The just war traditions

War as a collective enterprise. Even though the just war prescriptions are directed towards individuals, war is seen as a public institution. Not anyone could wage war against another, only certain people could do it. This requirement is known as the auctoritas principle. According to this principle, a political community can go to war “only if the decision has been made by the appropriate authorities, according to the proper process, and made public, notably to its own citizens and to the enemy state”[5]. Private individuals were not allowed to initiate a war, only those rulers with the appropriate competence could as they had superior rights[6]. Because the just war theorists believed in the inherently sociability of human beings, they considered the existence of government as an instrument which permits to a given collectivity to reach certain goals as crucial[7].

This emphasis on the public character of war is strengthened by the justa causa principle. Not any claim was valid for waging war, it could only be justified by claims of legal validity[8] and normally those were the “protection of innocents within its borders […] and […] any violation of its […] political sovereignty and territorial integrity”[9]. Accordingly, only claims affecting the community and its well-being were considered as a just cause. It is worth repeating, that even though the just war traditions were directed to individuals and to a single unitary unit encompassing a whole community, the two aforementioned principles required war to be a public and collective enterprise as only certain people entrusted with public duties could wage war and for public causes.

Against the “other”. A war always opposes two sides; it pits one’s demands against someone else’s. As stated by Neff, it has to be a foreign state or political entity, not any actor is included[10]. In these regards, just war traditions fall easily within this trait. Justa Causa is the most obvious case as the claims for going to war are of a political nature or as a response to violations upon a given community. Neff provides a good illustration with the war in defence of the Christian world, whereby two distinctive polities clashed as well as the reconquista where the Spanish Catholics waged war against the Muslims living in Spain at that time[11].

Law’s empire. Wars require rules. Despite the fact that war could be considered as an antagonist of law, because of its collective character the presence of rules is needed in ordering the phenomenon. In this sense, the just war traditions heavily regulated war, before, during and after. The very same just war traditions were designed to regulate when a community could go to war, the ius ad bellum. Equally, it states how to waged war, ius in bellum, which individuals could participate, which ones could and could not be considered objectives and even to which extent military force could be used; and although just war theorists focused mainly in when and how to manage war, it is possible also to find traces of just post bellum resolutions[12]. Whatever the deficiencies, it did regulate profusely war.

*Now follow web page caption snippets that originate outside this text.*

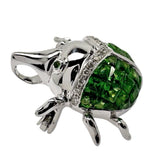 Insect Motif Brooch/Pendant Top Green Grossular Garnet Total 1.73/0.01ct Diamond Total 0.05ct K18WG White Gold 18k 3.6g Ladies
【Used】【Makoto Shichiten】【NN】




【MiMoMi】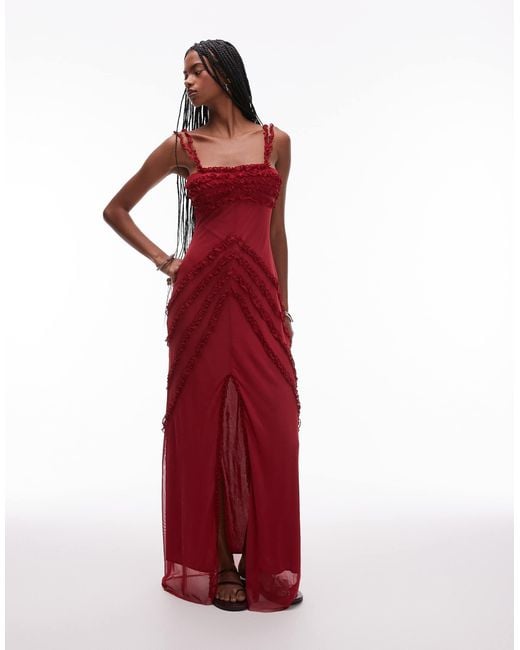dark red arabella dress Arabella Red Lacey Dress- PREORDER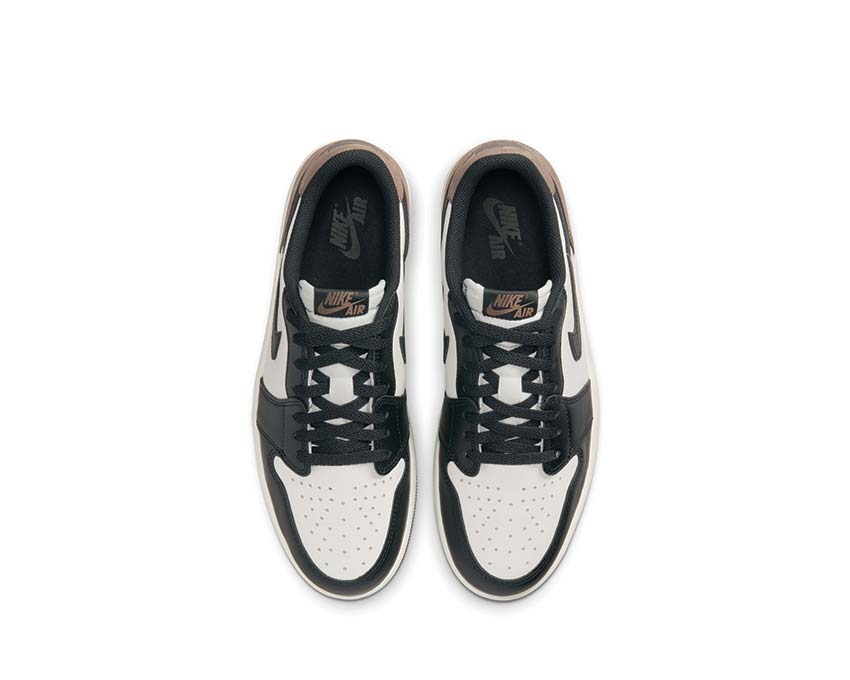 Jordan Air Jordan 1 Low OG Mocha detail — mocha chocolate leather upper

Peace/War. As shown by Neff, it is a recurrent feature from diverse societies to mark a division between peace and war[13]. Now, when applied to the just war traditions, it is harder to grasp such stark distinction between both spheres. In this framework, war is seen as law-enforcement tool[14]. War is used as a last resort instrument. Only when the previous mechanisms have proven ineffective, resorting to war is allowed[15]. This conception is derived from the very same notion of just war, which implies that only one side is acting ‘justly’ in order to correct the deviating behaviour of the other side, meaning that the basic bonds remain intact. Consequently, the same norms that apply during peace time are also applied during a conflict[16].

However, in my opinion it is true only to a certain extent. Maybe there is not a rigid barrier between times of peace and times of war, but the just war traditions’ attempts to regulate war also displays an internal recognition of the circumstances on which war is handled. When describing how to conduct it, it does establish a distinction between peace and war times. It introduces rules that do not apply during peace times. Thus, there is a set of rules, however small[17], that can only be applied during war times and that stop being in force when the war has ended. Even within the just war traditions, where the separation is the blurriest, there is a minimal distinction.

One Charter to rule them all

War as a collective enterprise. Undoubtedly, “war”[18] is undertaken as a collective enterprise. This is more evident in this case than within the just war traditions because the latter addressed first and foremost upon the individuals, even though it retained a collective character as war could only be waged by those with auctoritas. The UN Charter is the constitutive document of an international organization which is composed by states, who are subjects representing diverse polities. Furthermore, the main organ within the UN entrusted with the objective of maintaining international peace and security is the Security Council, which is not as representative as the General Assembly – it is composed by fifteen states – but is equally collective. Article 25 clearly establishes the main purpose of the SC which is the maintenance of international peace and security. Thus it is instructed to achieve that on behalf the international community. It is an international collective enterprise. This is confirmed by the fact that the Charter allows a right to self-defence not only individually but also collectively[19]. The security system enshrined by the UN Charter is primarily a collective effort.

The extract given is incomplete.